- Listed records -
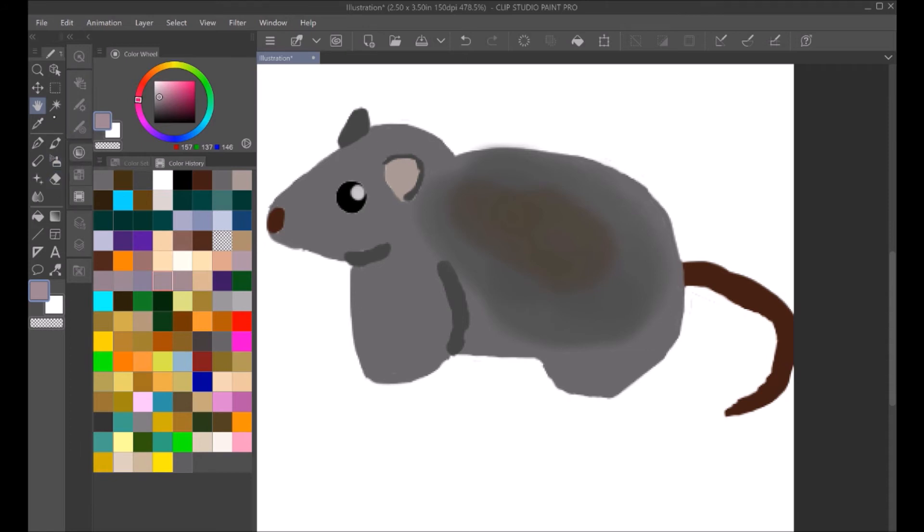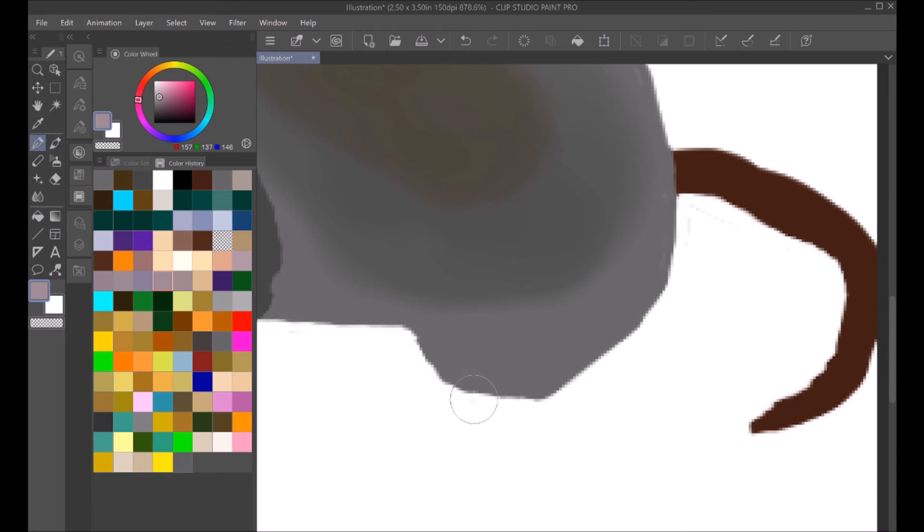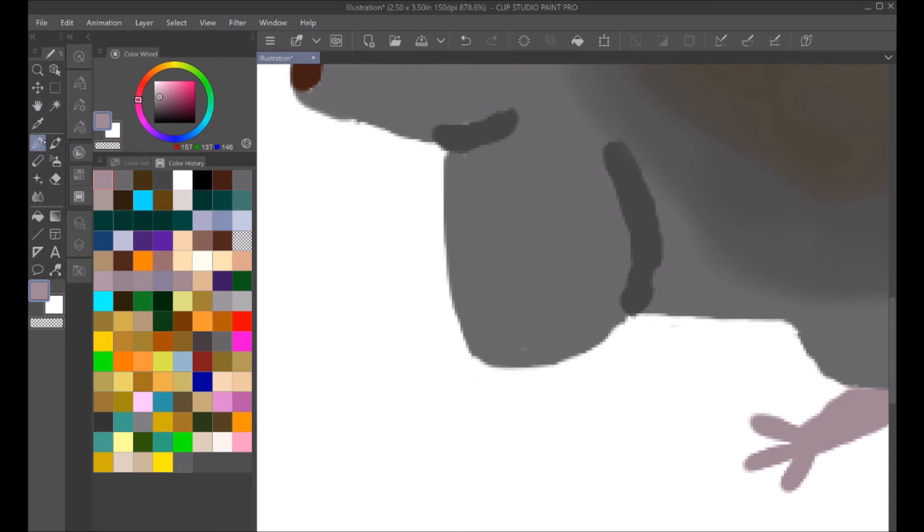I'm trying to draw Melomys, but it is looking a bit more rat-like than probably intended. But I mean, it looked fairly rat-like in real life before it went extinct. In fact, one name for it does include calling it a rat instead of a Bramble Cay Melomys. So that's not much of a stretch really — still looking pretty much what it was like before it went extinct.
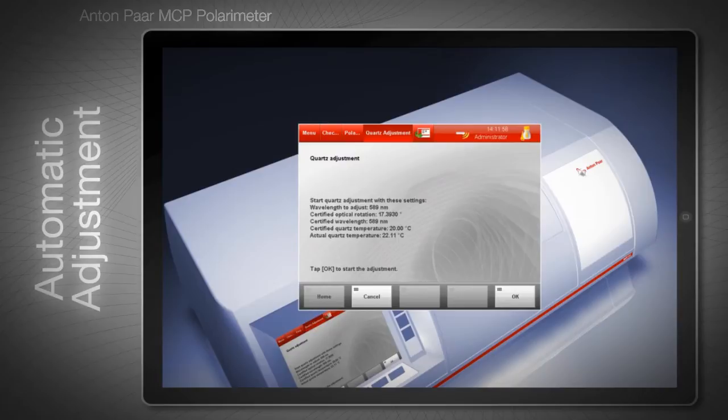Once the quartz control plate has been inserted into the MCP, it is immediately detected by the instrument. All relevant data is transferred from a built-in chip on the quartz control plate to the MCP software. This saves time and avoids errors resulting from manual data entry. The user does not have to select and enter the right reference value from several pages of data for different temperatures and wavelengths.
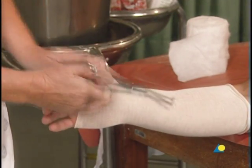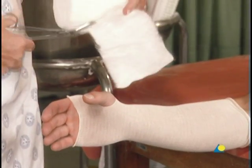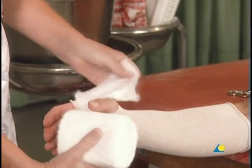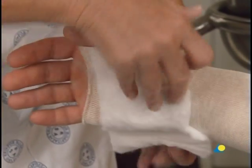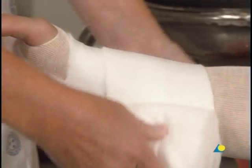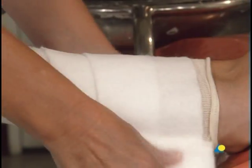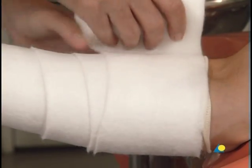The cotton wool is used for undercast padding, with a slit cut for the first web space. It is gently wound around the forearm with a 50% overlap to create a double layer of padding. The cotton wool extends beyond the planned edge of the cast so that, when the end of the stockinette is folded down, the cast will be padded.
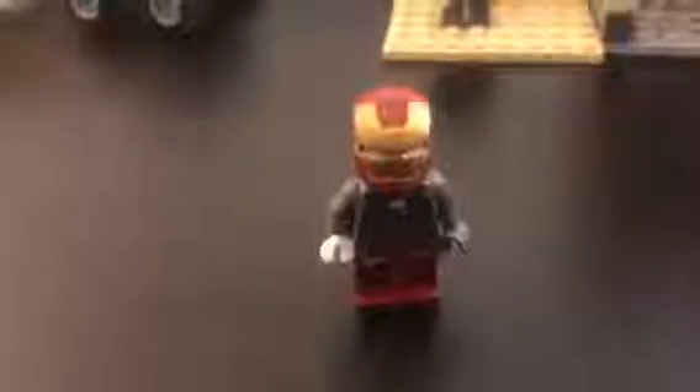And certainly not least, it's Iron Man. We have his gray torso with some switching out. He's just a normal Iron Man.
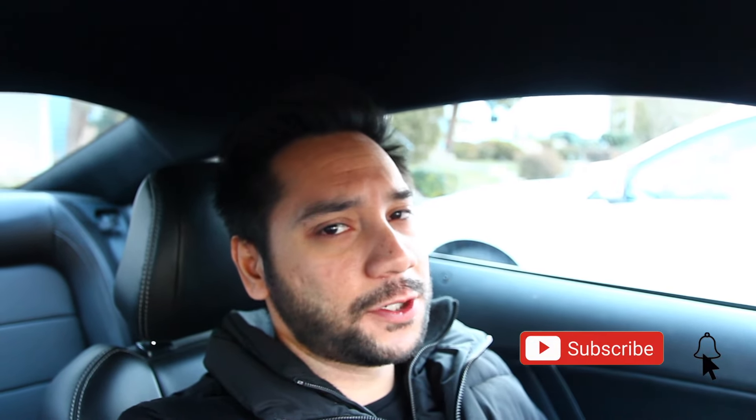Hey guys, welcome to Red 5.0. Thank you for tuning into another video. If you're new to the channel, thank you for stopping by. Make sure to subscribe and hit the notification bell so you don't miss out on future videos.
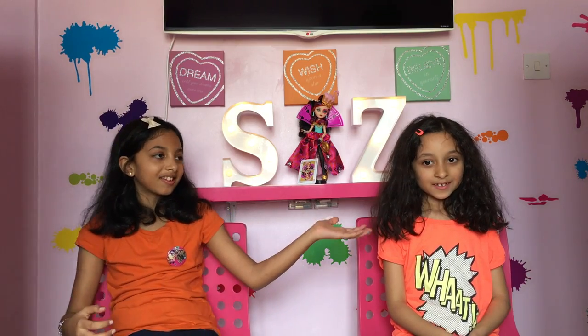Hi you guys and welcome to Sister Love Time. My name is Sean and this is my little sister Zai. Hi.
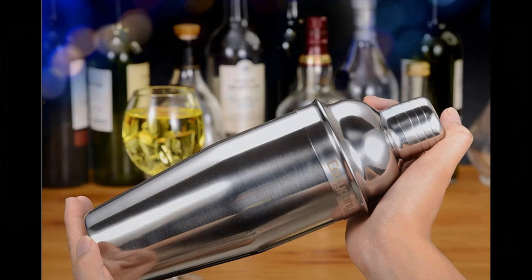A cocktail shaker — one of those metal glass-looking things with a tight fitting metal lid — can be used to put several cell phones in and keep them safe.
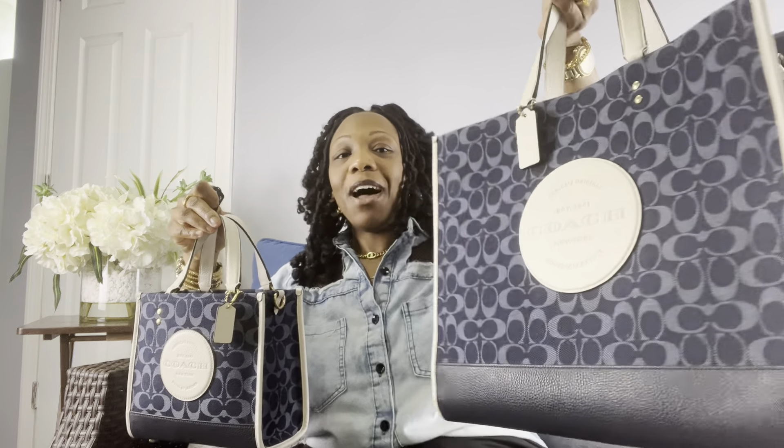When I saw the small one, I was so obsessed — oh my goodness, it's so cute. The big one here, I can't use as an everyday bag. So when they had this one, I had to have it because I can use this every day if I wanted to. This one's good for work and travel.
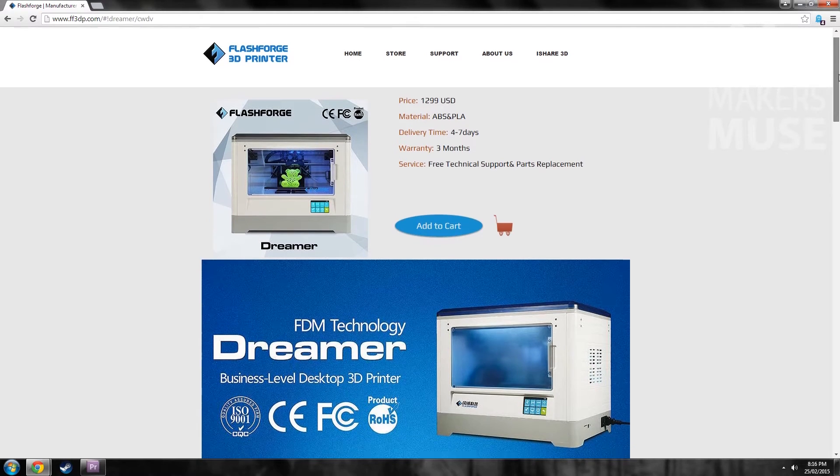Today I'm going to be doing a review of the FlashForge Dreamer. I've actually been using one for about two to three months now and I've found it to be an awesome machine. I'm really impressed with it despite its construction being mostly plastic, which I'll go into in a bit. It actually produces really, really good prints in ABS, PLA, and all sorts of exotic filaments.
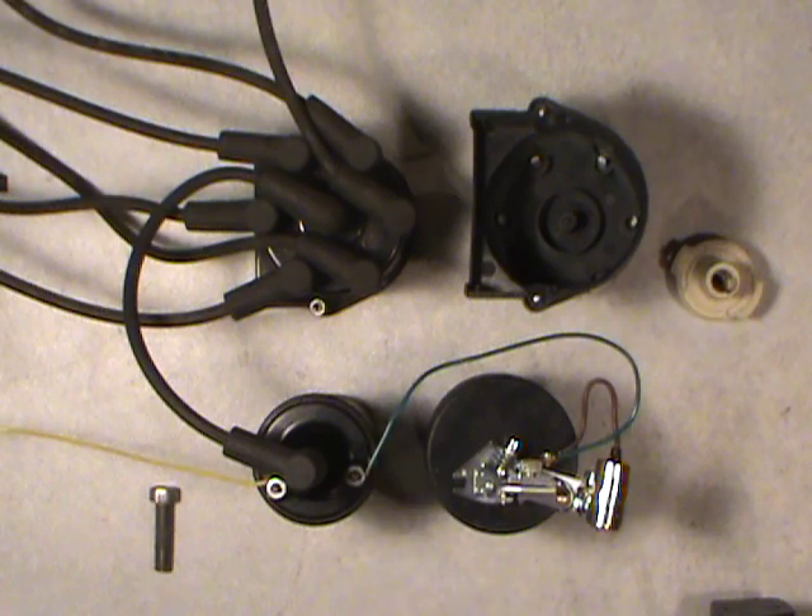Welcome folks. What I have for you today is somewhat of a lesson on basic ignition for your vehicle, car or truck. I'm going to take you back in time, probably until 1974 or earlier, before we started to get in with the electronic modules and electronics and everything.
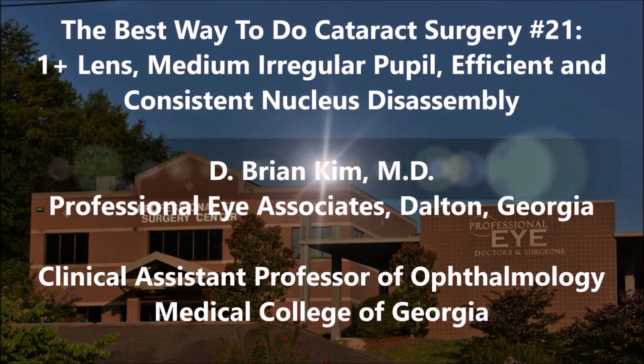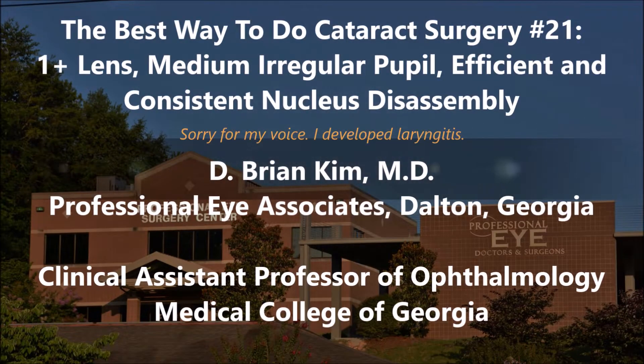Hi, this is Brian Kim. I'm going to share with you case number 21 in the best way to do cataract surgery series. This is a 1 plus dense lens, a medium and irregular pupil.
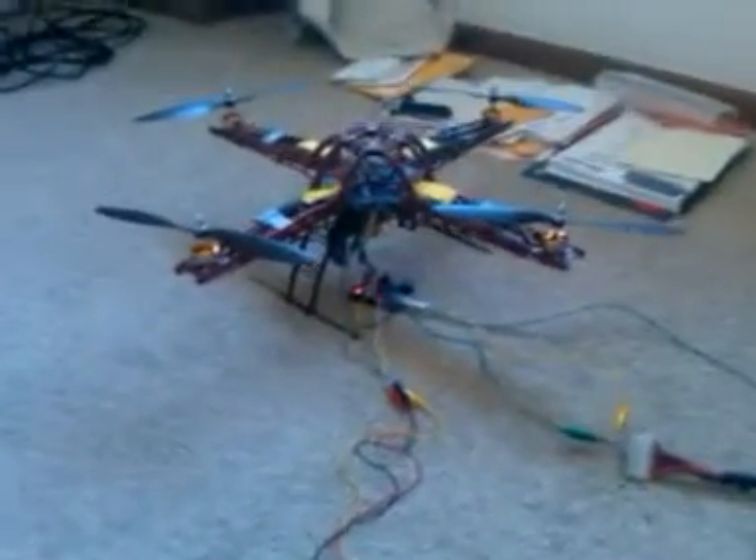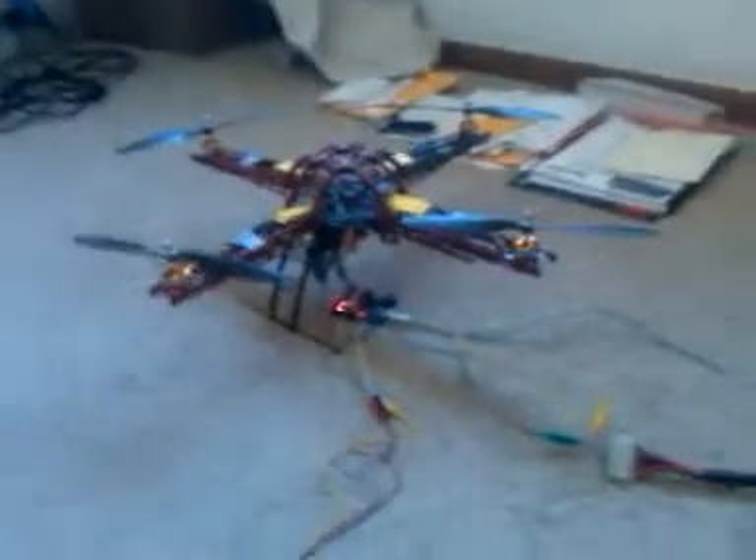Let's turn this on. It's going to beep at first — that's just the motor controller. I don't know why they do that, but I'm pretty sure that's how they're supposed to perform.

- What you are asked to do -
Hand back the records above exactly as they are, pictures excluded.

- Reply to the task -
I'm trying to draw Melomys, but it is looking a bit more rat-like than probably intended. But I mean, it looked fairly rat-like in real life before it went extinct. In fact, one name for it does include calling it a rat instead of a Bramble Cay Melomys. So that's not much of a stretch really — still looking pretty much what it was like before it went extinct.
Once the quartz control plate has been inserted into the MCP, it is immediately detected by the instrument. All relevant data is transferred from a built-in chip on the quartz control plate to the MCP software. This saves time and avoids errors resulting from manual data entry. The user does not have to select and enter the right reference value from several pages of data for different temperatures and wavelengths.
The cotton wool is used for undercast padding, with a slit cut for the first web space. It is gently wound around the forearm with a 50% overlap to create a double layer of padding. The cotton wool extends beyond the planned edge of the cast so that, when the end of the stockinette is folded down, the cast will be padded.
And certainly not least, it's Iron Man. We have his gray torso with some switching out. He's just a normal Iron Man.
Hey guys, welcome to Red 5.0. Thank you for tuning into another video. If you're new to the channel, thank you for stopping by. Make sure to subscribe and hit the notification bell so you don't miss out on future videos.
Hi you guys and welcome to Sister Love Time. My name is Sean and this is my little sister Zai. Hi.
A cocktail shaker — one of those metal glass-looking things with a tight fitting metal lid — can be used to put several cell phones in and keep them safe.
When I saw the small one, I was so obsessed — oh my goodness, it's so cute. The big one here, I can't use as an everyday bag. So when they had this one, I had to have it because I can use this every day if I wanted to. This one's good for work and travel.
Today I'm going to be doing a review of the FlashForge Dreamer. I've actually been using one for about two to three months now and I've found it to be an awesome machine. I'm really impressed with it despite its construction being mostly plastic, which I'll go into in a bit. It actually produces really, really good prints in ABS, PLA, and all sorts of exotic filaments.
Welcome folks. What I have for you today is somewhat of a lesson on basic ignition for your vehicle, car or truck. I'm going to take you back in time, probably until 1974 or earlier, before we started to get in with the electronic modules and electronics and everything.
Hi, this is Brian Kim. I'm going to share with you case number 21 in the best way to do cataract surgery series. This is a 1 plus dense lens, a medium and irregular pupil.
Let's turn this on. It's going to beep at first — that's just the motor controller. I don't know why they do that, but I'm pretty sure that's how they're supposed to perform.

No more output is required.